CBS News put together a report of some of the Democratic candidates’ spending from this year. It found that in the first half of 2019, the Bernie Sanders campaign spent more than $900,000 on items like buttons, stickers, signs and T-shirts. Elizabeth Warren’s spent more than $500,000 for merchandise, and Joe Biden, who didn’t join the race until April, spent $150,000 in just a couple of months.
Rather than throwing merchandise at the wall to see what sticks (probably stickers, honestly), candidates can use those data points to see what does and doesn’t work. One of the hottest selling campaign items of 2019 was Andrew Yang’s “MATH” hat. The Yang campaign sold all 500 hats in 22 minutes during its initial launch, and then sold an additional 32,000 since mid-October. Those sales brought in $1.2 million in funding for the campaign—about 8 percent of all of its revenue as of a couple of weeks ago.
Like any merchandise drops, exclusivity drives people to buy and buy now. When the Yang campaign dropped a limited edition “MATH” hat with gold writing, it sold 2,000 in 36 hours, raking in $150,000 in revenue. He later released 500 marijuana-themed “MATH” hats, touching on his plan to legalize cannabis.
Our limited edition marijuana merch is now in stock! Check it out: https://t.co/7N4g1yQb9k pic.twitter.com/cHwlfMlHeQ
— Andrew Yang🧢⬆️🇺🇸 (@AndrewYang) August 24, 2019
You’d think limiting reach and visibility would be counterproductive for a campaign, but when the goal is small donations rather than widespread visibility (you can buy visibility later), Yang hit the nail (hat) on the head.
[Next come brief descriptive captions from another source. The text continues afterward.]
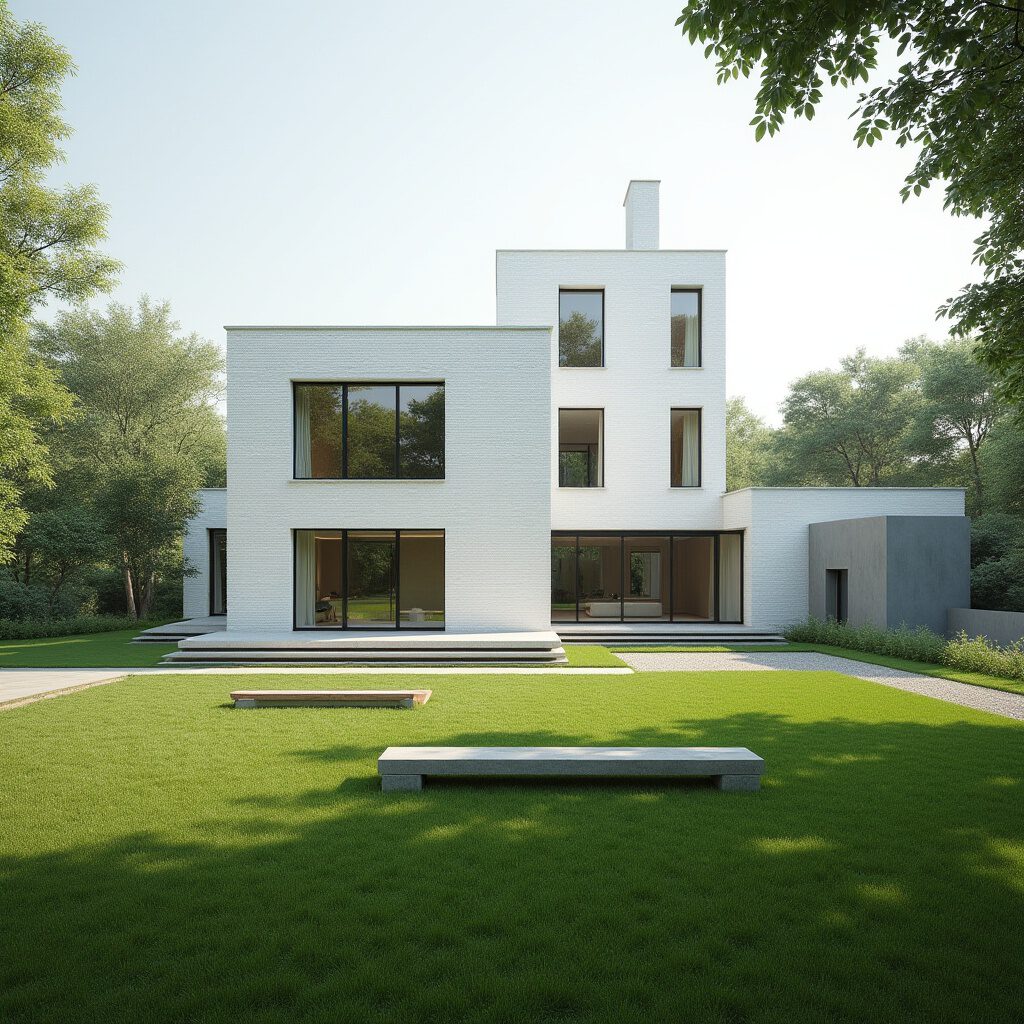 post modern woning open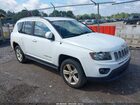 2016 Jeep Compass Latitude White vin: 1C4NJDEB4GD712941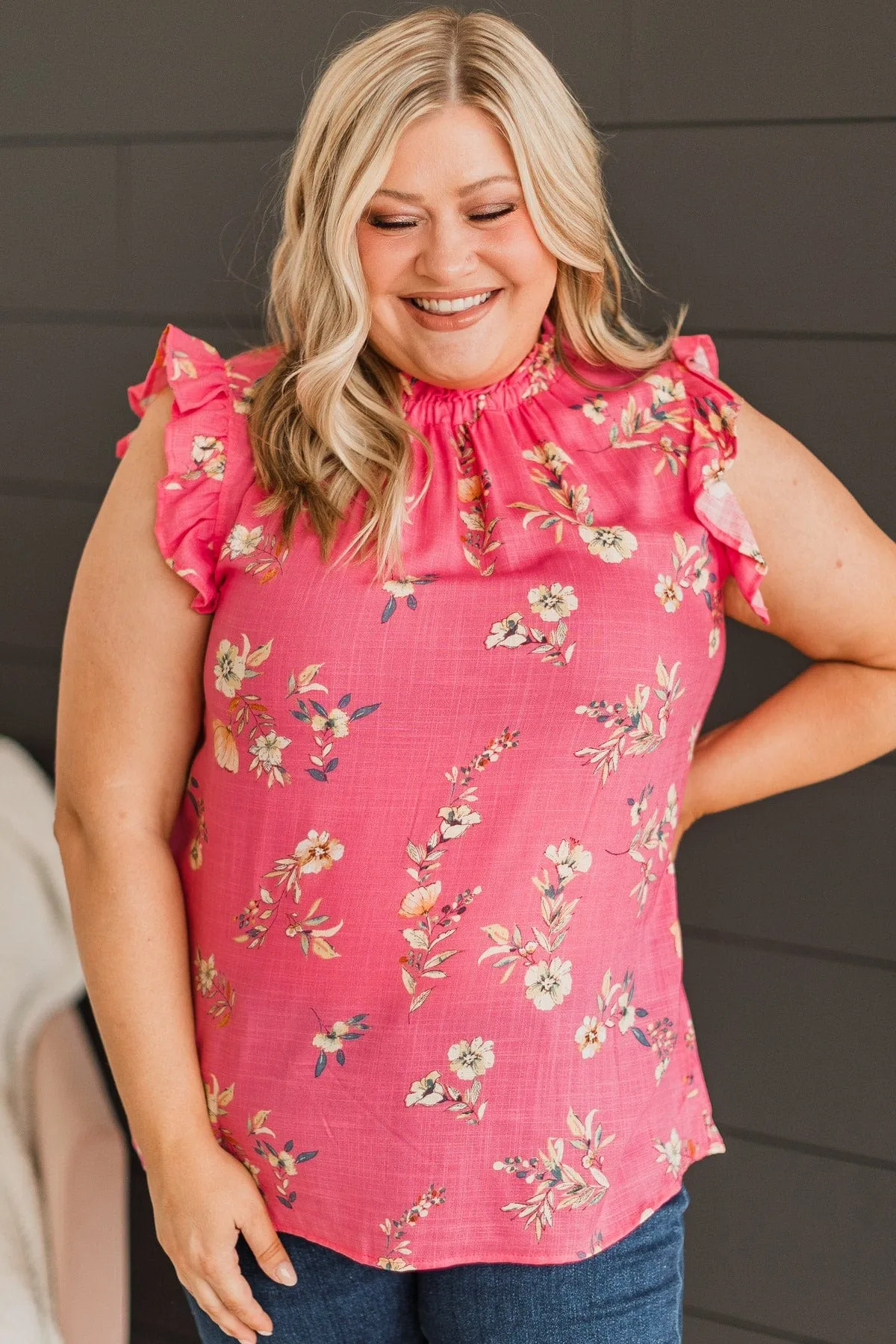 Effortlessly Pretty Floral Top- Pink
“I took inspiration from street fashion, with limited editions, exclusivity, collectibles,” Andrew Frawley, Yang’s director of brand and merchandise, told CBS.
South Bend Mayor Pete Buttigieg is also following the Streetwear playbook to spur sales. CBS reported that the campaign’s one-off “Eco Tee” sold out in under a week.
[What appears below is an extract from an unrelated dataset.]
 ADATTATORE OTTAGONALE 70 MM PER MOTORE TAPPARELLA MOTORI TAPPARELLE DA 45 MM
A lot of these shirts play off of moments from the campaign trail or things the candidates say in speeches. Some are more consequential than others, but it seems like the ones that don’t actually have to do with the campaign message do well. For example, after Buttigieg found a bee on his tie at an event in Iowa, the campaign created a “Bee Tee.”
Warren and Biden have played things more traditionally, using their established careers as inspiration for merchandise, like Biden’s affinity for aviator sunglasses prompting a line of Biden-branded glasses.
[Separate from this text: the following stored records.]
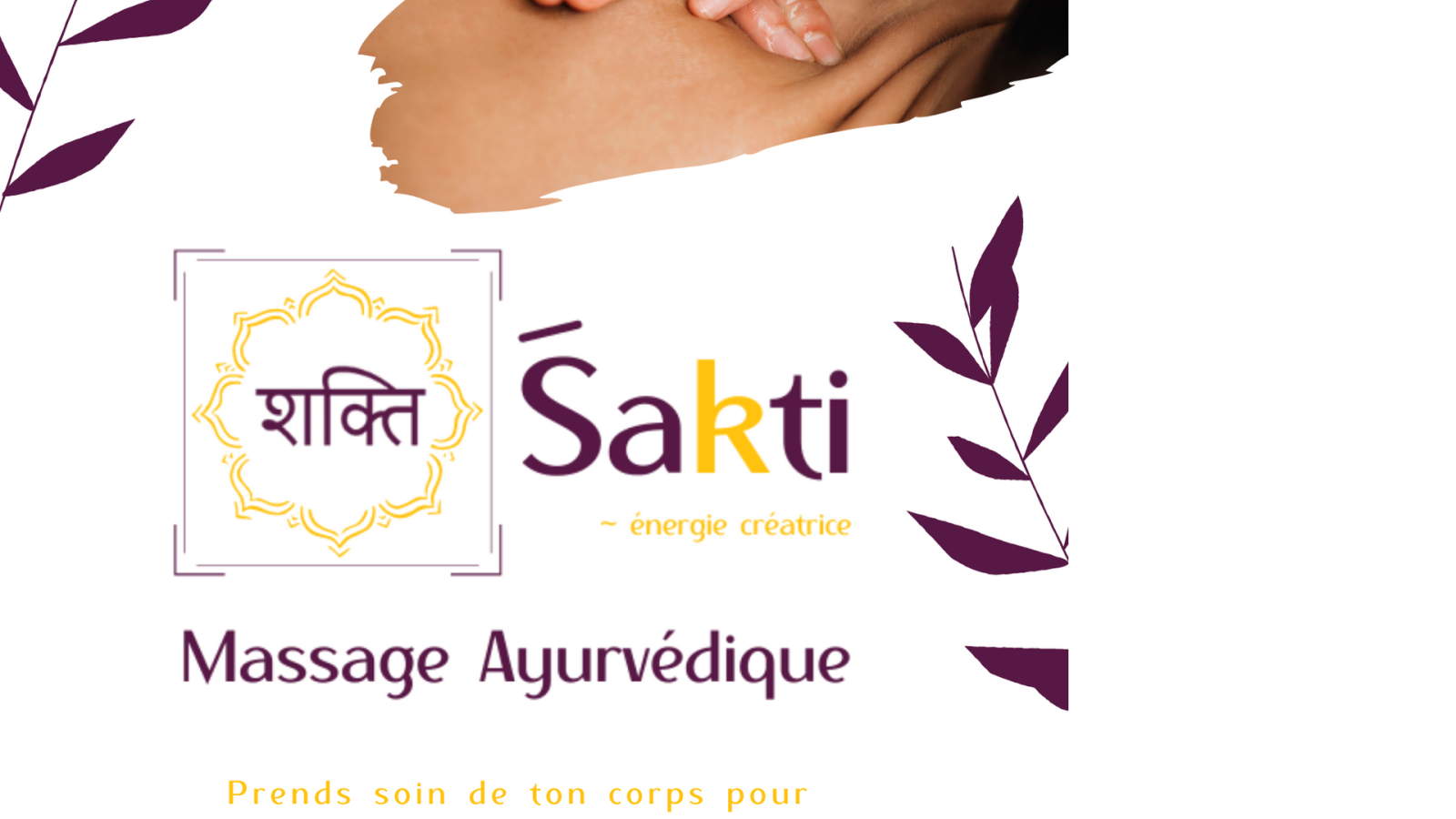 Sakti - Ayuverdique Massage flyer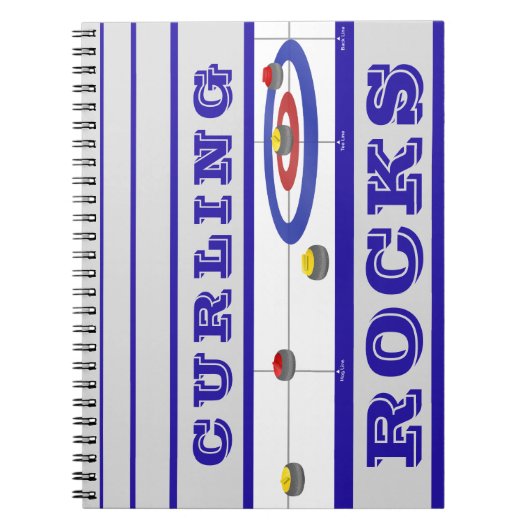 Curling Rocks Notitieboek (Voorkant)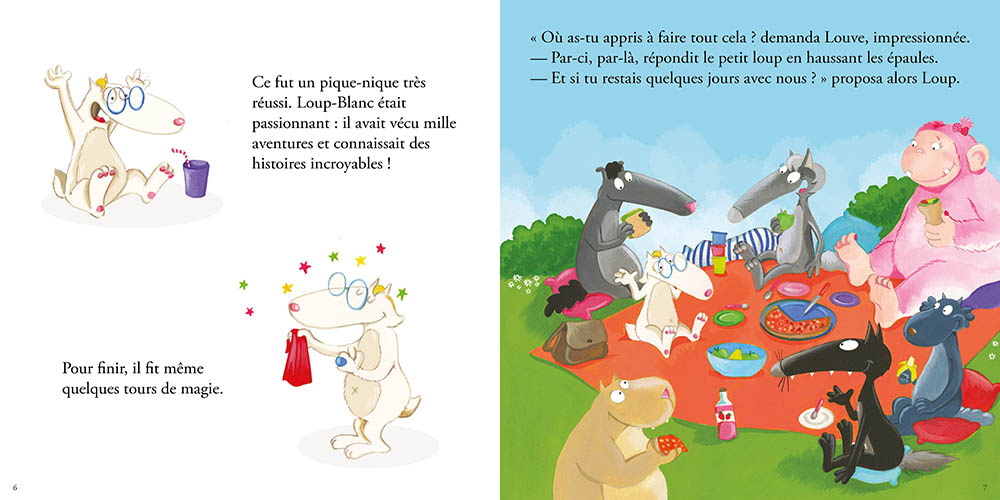 LE LOUP QUI AVAIT UN NOUVEL AMI LE LOUP QUI AVAIT UN NOUVEL AMI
An ongoing theme of the merchandise, especially for Biden, is beating President Trump in the election. In terms of spending, some of the Democratic candidates still have a ways to go. The president’s reelection campaign spent more than $650,000 on merchandise in the first half of this year alone, and that number is only going to keep increasing as the election draws nearer.
“Whether it’s the over 1 million red MAGA hats sold, plastic straws, or fun one-off T-shirts, the campaign merchandise lets voters show their support of President Trump and his policies,” Tim Murtaugh, Trump campaign communications director, told CBS News. “It gives people a little ownership of the re-election campaign and gives them high quality merchandise in exchange for their donations.”
In the third quarter of this year, however, Bernie Sanders passed the Trump re-election campaign in small-dollar donations, with 1,400,000 million individual donations compared to President Trump’s 1,056,000.
As the field of Democratic presidential hopefuls thins out, don’t be surprised to see the eventual nominee push an item that tries to rival the ubiquity of an all-encompassing item like the MAGA hat. It might be a “Math” hat, it might be a “Feel the Bern” shirt, it might be sunglasses or it might be a “Nevertheless, she persisted” tote bag.
In the meantime, all of the candidates are trying to find what merch works, and spending a ton of cash doing so.